◆ **Dataset section**:

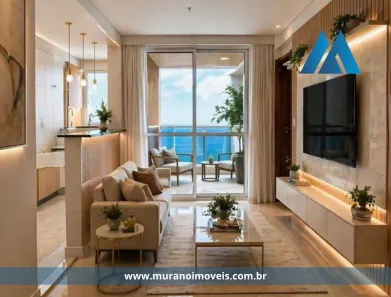 Apartamento com 2 Quartos à venda, 60m² no Praia de Itaparica, Vila Velha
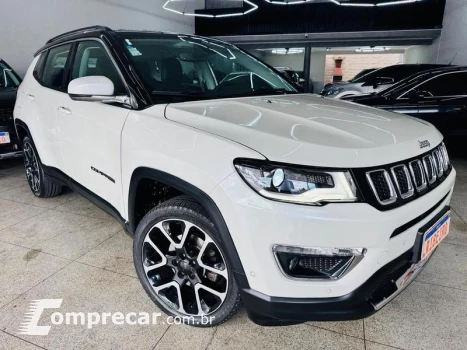 COMPASS LIMITED 2.0 4X2 FLEX 16V AUT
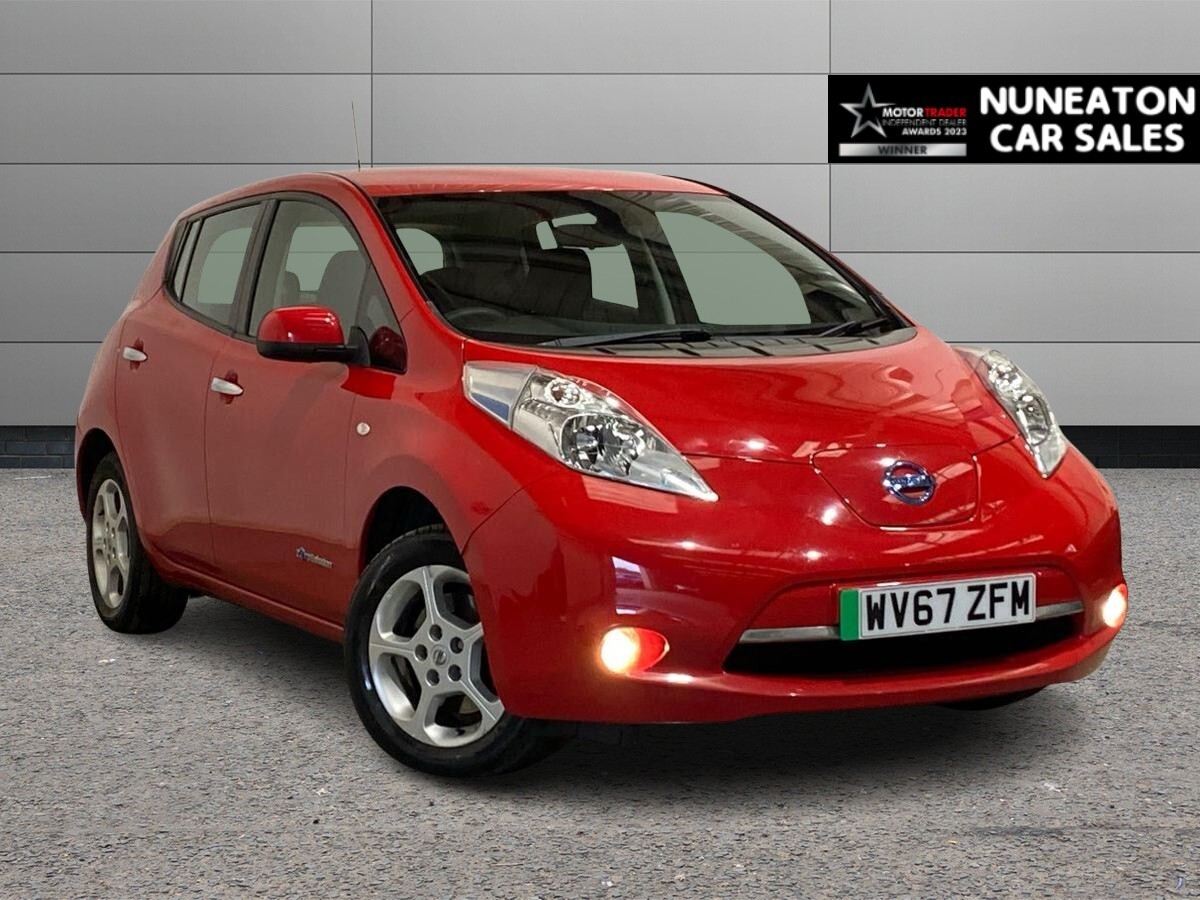 Main listing image - Nissan Leaf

◆ **Problem to work on**:
Set the pictures aside and transcribe the data above exactly.

◆ **Worked solution**:
 Apartamento com 2 Quartos à venda, 60m² no Praia de Itaparica, Vila Velha
 COMPASS LIMITED 2.0 4X2 FLEX 16V AUT
 Main listing image - Nissan Leaf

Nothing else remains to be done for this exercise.